Try it - Set down, exactly as they stand, the lines from the one containing "DSLR Camera Bag" through the last line of the records below, leaving every picture out.

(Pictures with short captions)
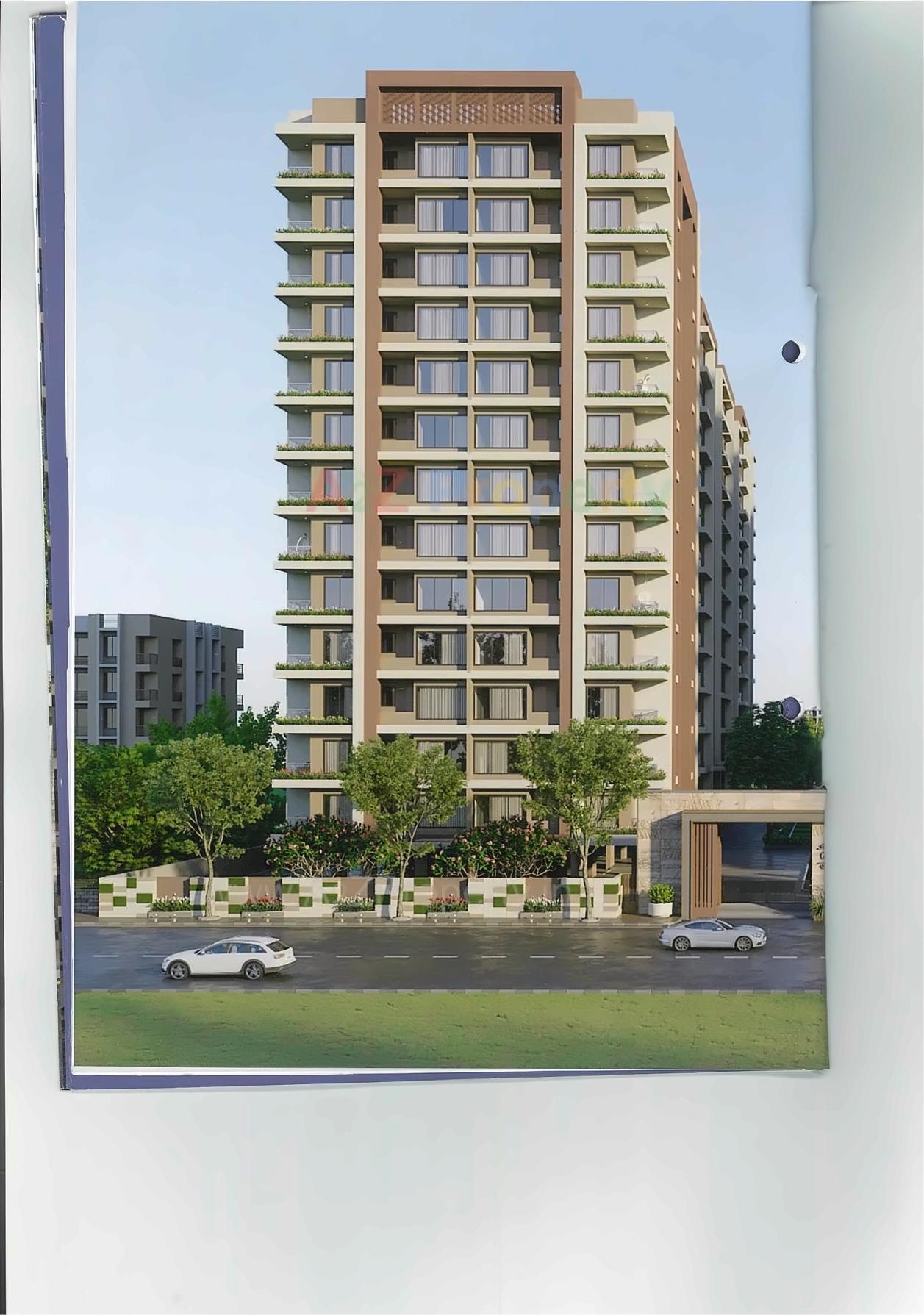 3D Elevation of real estate project Gopinath Heights located at Surat, Surat, Gujarat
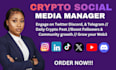 be your crypto social media manager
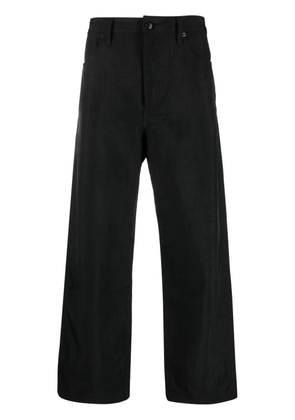 Eckhaus Latta Husk cropped trousers - Black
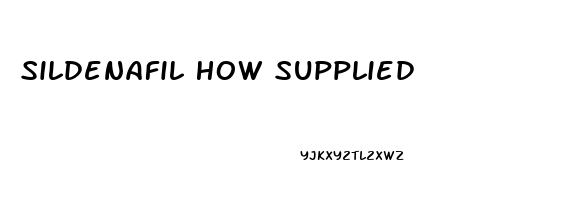 Sildenafil How Supplied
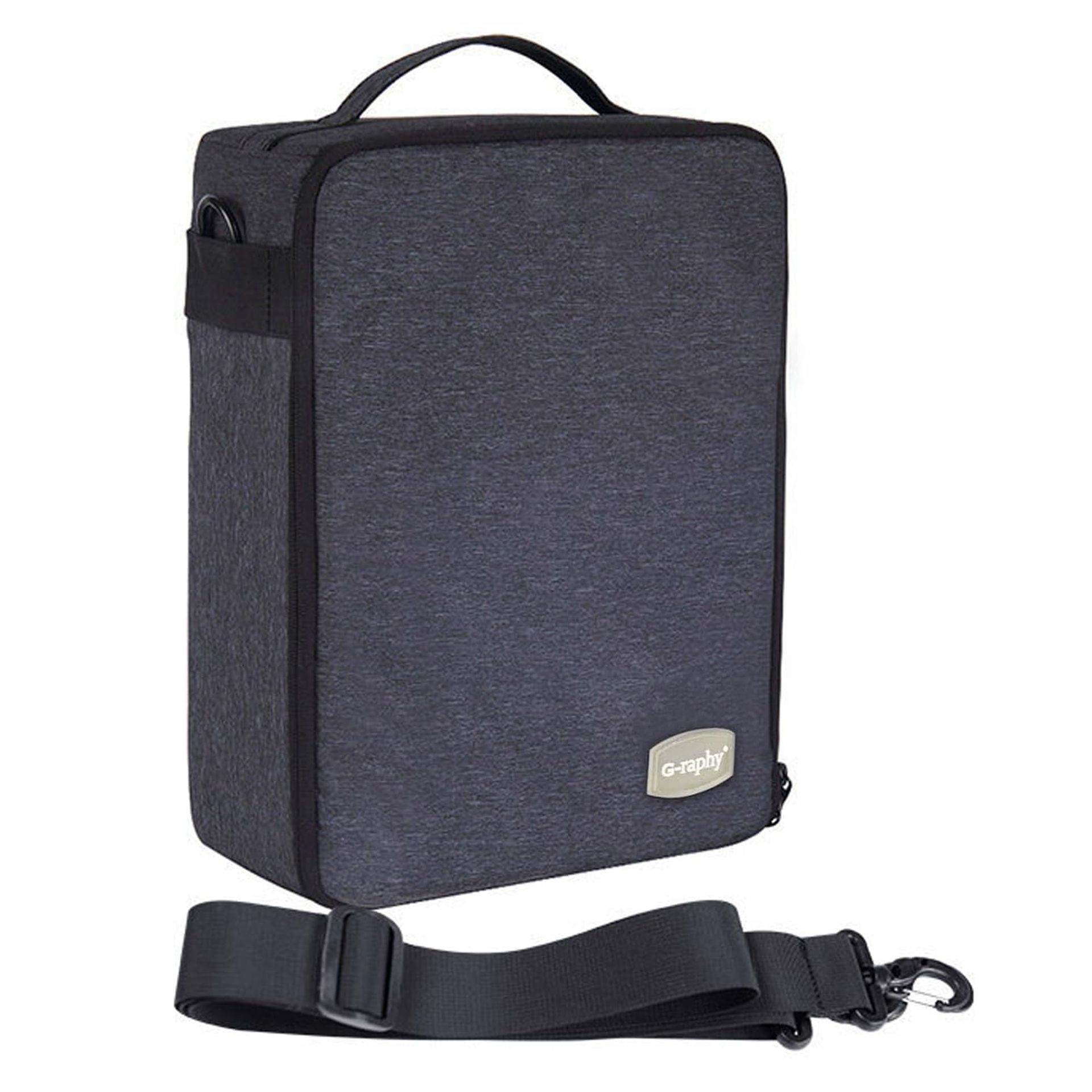 DSLR Camera Bag Waterproof Anti-Shock Travel Case 1-2 Cameras & Lenses - Grey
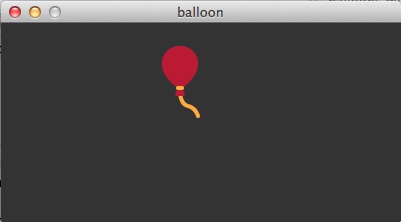 Ein kleiner roter Luftballon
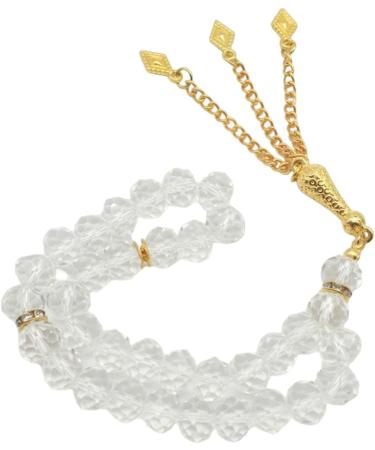 Oralgos Tasbih Prayer Rosary Bracelet | Fashionable Islamic Jewelry with Decorative Tassels | Perfect Party Gift - 1 Piece - Buy Online on GoSupps.com
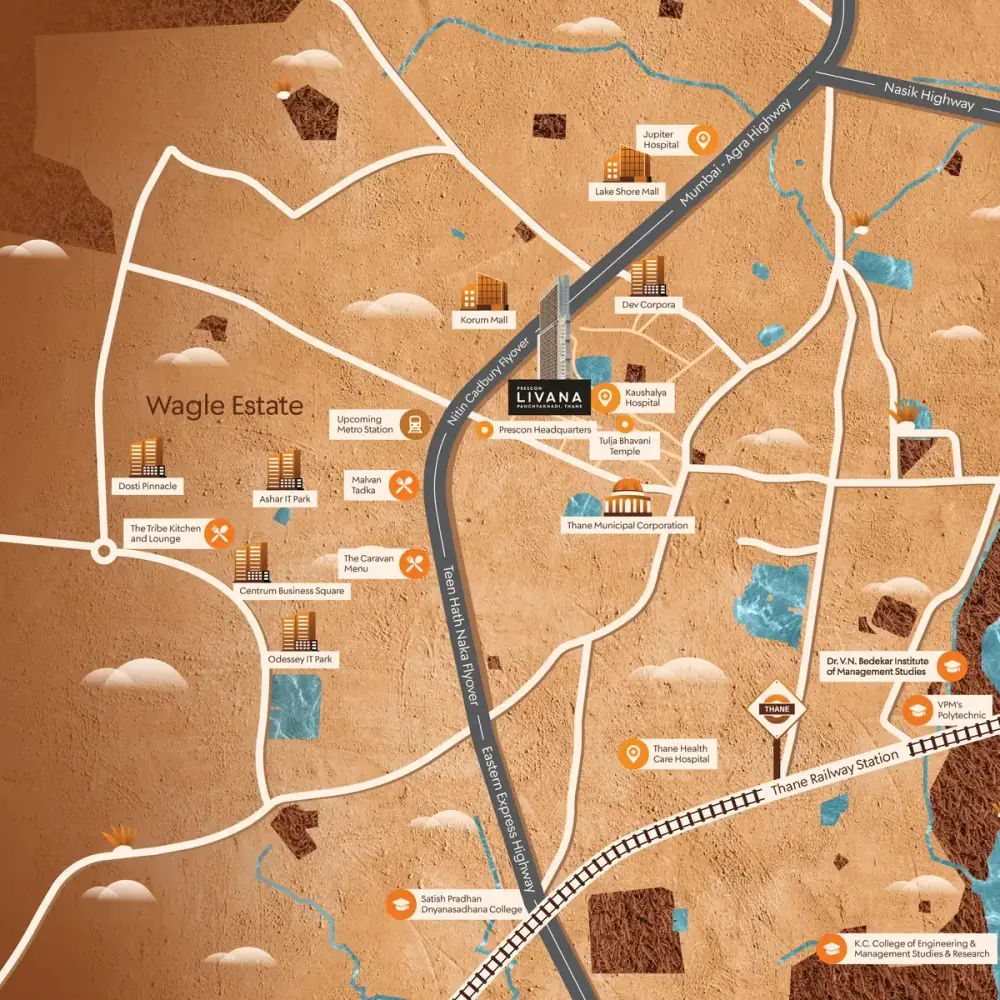 Panchpakhadi Advantage Map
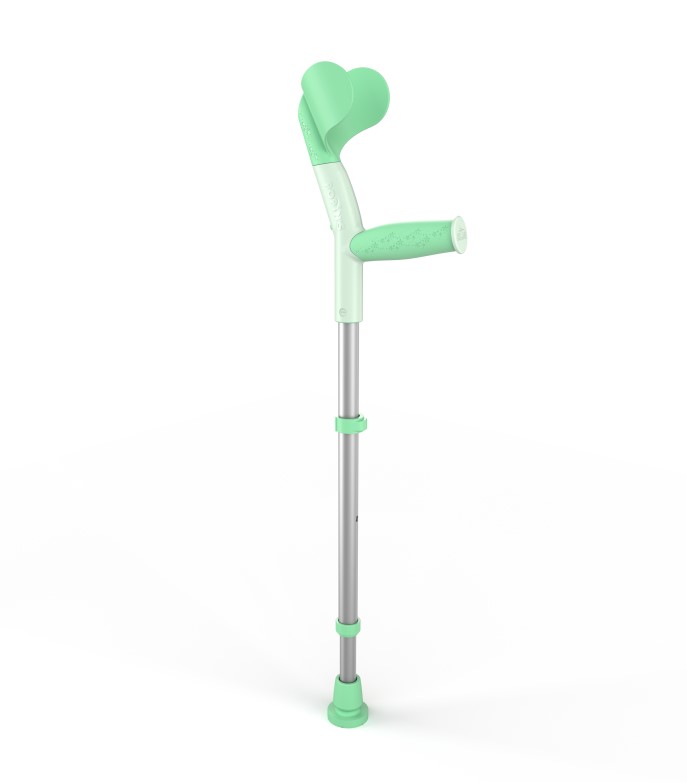 Детска патерица за лакти - POPINS зелена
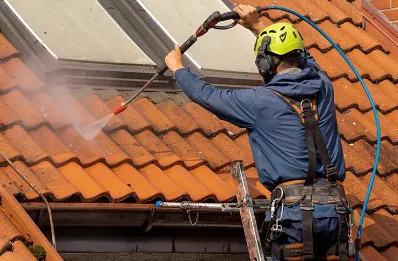 Démoussage et hydrofuge de toiture à Amel-sur-l'Étang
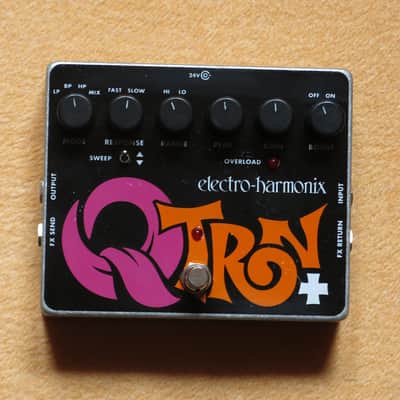 Electro-Harmonix Q-Tron Plus Envelope Filter with Effects Loop - Black Purple Orange image 1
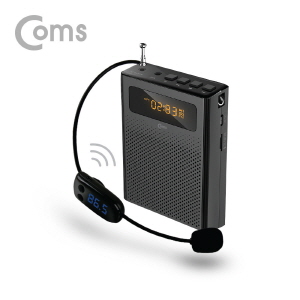 ABWW505 휴대용 무선 마이크 앰프 스피커 블랙 라디오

Written response -
 DSLR Camera Bag Waterproof Anti-Shock Travel Case 1-2 Cameras & Lenses - Grey
 Ein kleiner roter Luftballon
 Oralgos Tasbih Prayer Rosary Bracelet | Fashionable Islamic Jewelry with Decorative Tassels | Perfect Party Gift - 1 Piece - Buy Online on GoSupps.com
 Panchpakhadi Advantage Map
 Детска патерица за лакти - POPINS зелена
 Démoussage et hydrofuge de toiture à Amel-sur-l'Étang
 Electro-Harmonix Q-Tron Plus Envelope Filter with Effects Loop - Black Purple Orange image 1
 ABWW505 휴대용 무선 마이크 앰프 스피커 블랙 라디오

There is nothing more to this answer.